Should you remove the bridge to clean it? I’m not a big fan of removing a bridge unless it is absolutely necessary. If my hygienist can adequately clean the bridge and the patient can clean under the bridge, then I leave it in. This is the case most of the time. Some doctors like to remove the bridge for every cleaning, but I have three primary concerns regarding this procedure. First, frequently unscrewing and retightening a metal-to-metal fitting likely increases the risk of damaging the thread pattern in the implant. This is less of a concern with an angled abutment, but it is still a potential complication. Second, it is very difficult to remove the composite from the access holes without removing additional acrylic. Reopening the access holes regularly may lead to thinning and future fracture of the surrounding acrylic. Third, with angled abutments, most implant systems utilize a prosthetic screw that can only be taken to final torque once. After the initial metal deformation created from the first final torque, the risk of fracturing the prosthetic screw during or after retorquing increases. Most manufacturers recommend replacing the prosthetic screws every time the bridge is removed. At $40 to $50 per screw, this can greatly increase the maintenance costs to patients.
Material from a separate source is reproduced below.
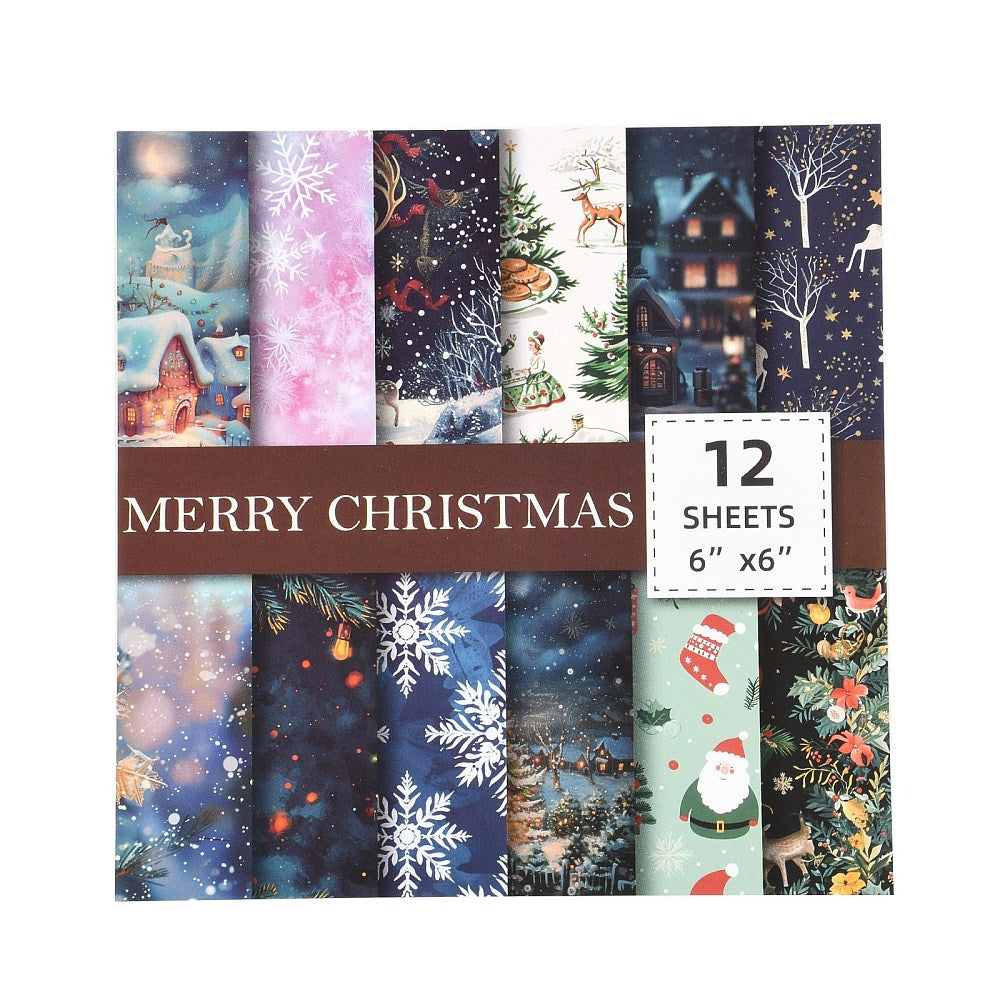 Navy Christmas Pattern Paper Pad (12 Sheets)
I noticed a high no-show rate in full-arch bridge recall patients who were going to need the bridge removed. My fee to remove the bridge, scale the implants, confirm tight fitting of the components, clean the bridge, and reseat and reseal the bridge is about the same as what I charge for one quadrant of scaling and root planing. This fee doubles if I have to replace the screws, so instead of quoting the approximate $250 for my services, we quoted $500 since the screws needed to be replaced. This was a problem. I have since switched to using an implant system for my full-arch cases that has a prosthetic screw that can be final torqued multiple times. I like the Access abutment by Neoss (figure 7). The prosthetic screw is the same width as the abutment screw (figure 8), and it is much stronger than the traditional multiunit abutment-type prosthetic screw (figure 9). As a result, it can be taken to final torque four times, just like an abutment screw.
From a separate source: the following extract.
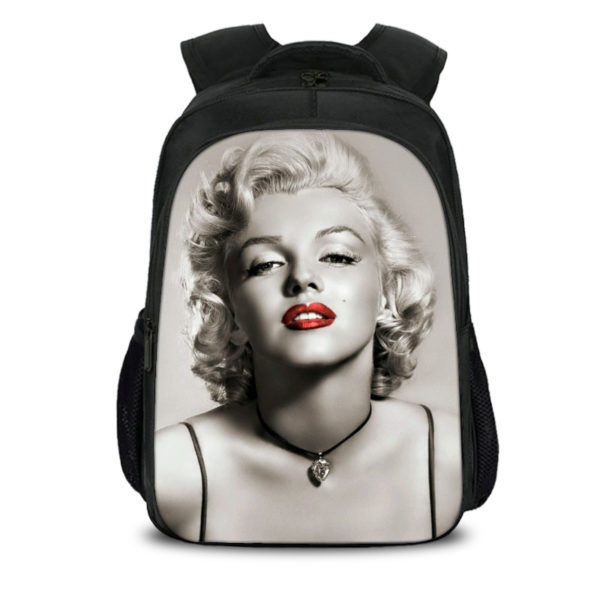 16Marilyn Monroe Backpack School Bag Black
Figure 7: Neoss Access abutment Figure 8: The Neoss prosthetic screw is the same width as the abutment screw Figure 9: The Neoss prosthetic screw (left) compared to a traditional multiunit abutment-type prosthetic screw (right)

When should you remove the bridge? Here is my protocol:

1. If the patient states that he or she cannot clean under the bridge, I remove it and adjust it.

2. If my hygienist cannot access calculus or debris under the bridge, then I remove it. Here’s a tip. If the patient develops calculus on his or her provisional, then I prepare the patient to have the bridge removed occasionally (figure 10). I notice that inaccessible calculus buildup is much more common on mandibular bridges than maxillary ones.

3. If I see radiographic calculus on an implant or angled abutment, I remove the bridge.

4. If the patient presents with suppuration from under the bridge or if I suspect peri-implantitis, I remove the bridge.

5. If the bridge is loose or damaged, I remove it.

Figure 10: If the patient builds up calculus on the provisional, assume that you will need to remove the final bridge more frequently

I hope these tips and insights will help you with maintaining your full-arch bridges. With proper care, they can offer decades of service for our patients.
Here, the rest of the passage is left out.